CHARLOTTE, NC (WBTV) - On Tuesday November 5, thousands will head to the polls to pick Charlotte's next mayor and his new city council.
The Charlotte City Council race is a packed one with many newcomers. Twenty-one people are running for 11 seats and with fights over the streetcar, and Bank of America Stadium, there could be a change in the political make-up of council.
"City Council races are usually off people's radars," said UNCC Political Scientist Dr. Eric Heberlig.
Heberlig has studied Charlotte City Council races for over 10 years and says important issues facing the current council should put the race on people's radars. He says the debate over using taxpayer money to fund Bank of America stadium and pay for a streetcar should resonate with voters.
"When voters don't know the candidates they typically go by party identification," he said.

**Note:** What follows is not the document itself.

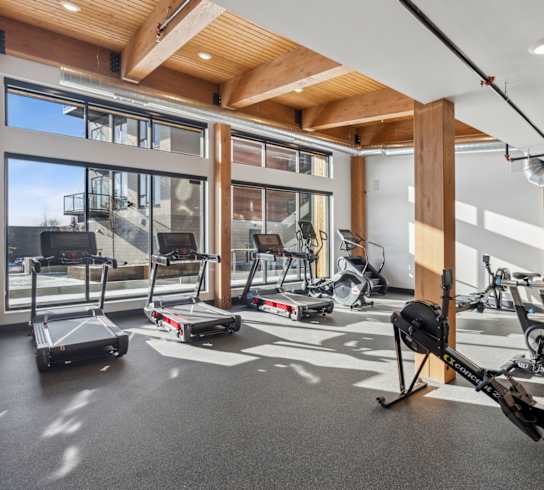 A gym with treadmills, exercise bikes and a rowing machine.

Heberlig says having an "R" or a "D" next to a candidate's name makes a difference at the polls. Four Democrats, four Republicans and one Libertarian are running to fill four at-large council seats. The two incumbents in the at-large race are Democrats.
"The incumbents are highly likely to win. They have the name recognition they have the campaign contributions to win," he said.
The Democratic majority on council was in favor of using taxpayer money to renovate Bank of America Stadium and the streetcar. He says voters may vote to maintain the status-quo because of Charlotte's political makeup.
"More people in Charlotte call themselves Democrats than Republicans and Independents so Republicans need to get people to vote against their natural inclinations to vote Democratic," he said.
In the individual district race, 12 candidates are running to fill 7 council seats. Heberlig says if Republicans want to pick up more seats in districts or at-large, they have to continue using both the Bank of America Stadium and the streetcar fight to their advantage.
"Their only hope to gain representation is to hold on to those seats and pick up the at large seats," he said.